Opened 5 years ago

Last modified 2 weeks ago

#32213 assigned Bug

QuerySet.values()/.values_list() on KeyTransforms return wrong values for double-quoted strings on SQLite and Oracle

Reported by: Sage Abdullah Owned by: VIZZARD-X
Component: Database layer (models, ORM) Version: 3.1
Severity: Normal Keywords: sqlite oracle json
Cc: Carlton Gibson, bcail Triage Stage: Accepted
Has patch: yes Needs documentation: no
Needs tests: no Patch needs improvement: no
Easy pickings: no UI/UX: no

Description

Suppose we have a JSONField with the value {'key': '"value"'}. If .values()/.values_list() are called on a jsonfield__key lookup, they return 'value' on SQLite and Oracle. On other backends, they return '"value"', which is the correct behavior.

Change History (13)

comment:1 by Mariusz Felisiak, 5 years ago

Cc: Carlton Gibson added
Keywords: sqlite oracle json added
Severity: Release blockerNormal
Summary: QuerySet .values()/.values_list() on KeyTransforms return wrong values for double-quoted strings on SQLite and OracleQuerySet.values()/.values_list() on KeyTransforms return wrong values for double-quoted strings on SQLite and Oracle
Triage Stage: UnreviewedAccepted

Thanks, I'm not sure about severity because it's niche I don't believe that many users (if anyone) are affected by this issue. We can bump it when evaluating a patch.

comment:2 by Mariusz Felisiak, 4 years ago

Owner: Sage Abdullah removed
Status: assignednew

comment:3 by Simon Charette, 3 years ago

I'm also not sure this is event fixable since JSONField is schema less so the ORM has not way to know it should use ->> over -> for the specified key.

I think this ticket is a good candidate for wontfix consideration once KeyTextTransform is documented (#15956) as this issue can be solved by doing values_list(KeyTextTransform("key", "json_field")).

comment:4 by bcail, 3 years ago

Cc: bcail added

I'm working on a test for this case, and having trouble reproducing it.

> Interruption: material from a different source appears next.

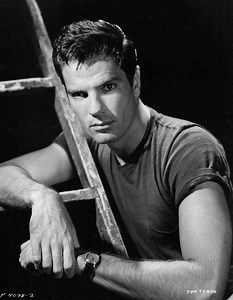 Tom Tryon - Alchetron, The Free Social Encyclopedia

diff --git a/tests/model_fields/test_jsonfield.py b/tests/model_fields/test_jsonfield.py
index 2c32d8a4ea..ecc2b9d0d5 100644
--- a/tests/model_fields/test_jsonfield.py
+++ b/tests/model_fields/test_jsonfield.py
@@ -611,6 +611,11 @@ class TestQuerying(TestCase):
                     [obj],
                 )
 
+    def test_value(self):
+        obj = NullableJSONModel.objects.create(value={"key": '"value"'})
+        self.assertSequenceEqual(NullableJSONModel.objects.filter(value__key='"value"').values_list("value", flat=True), [{'key': '"value"'}])
+        self.assertSequenceEqual(NullableJSONModel.objects.filter(Q(value__has_key="key")).values_list("value", flat=True), [{'key': '"value"'}])
+
     @skipUnlessDBFeature("supports_json_field_contains")
     def test_contains(self):
         tests = [

This test passes on both SQLite and Postgresql for me. What do I need to change to trigger the wrong behavior?

in reply to:  4 comment:5 by Mariusz Felisiak, 3 years ago

Replying to bcail:

This test passes on both SQLite and Postgresql for me. What do I need to change to trigger the wrong behavior?

This ticket is about using key transforms in the values()/values_list():

# SQLite
>>> NullableJSONModel.objects.filter(value__key='"value"').values_list("value__key", flat=True)
['value']
# PostgreSQL
>>> NullableJSONModel.objects.filter(value__key='"value"').values_list("value__key", flat=True)
['"value"']

comment:6 by bcail, 3 years ago

Thanks! That works for me, to show the issue.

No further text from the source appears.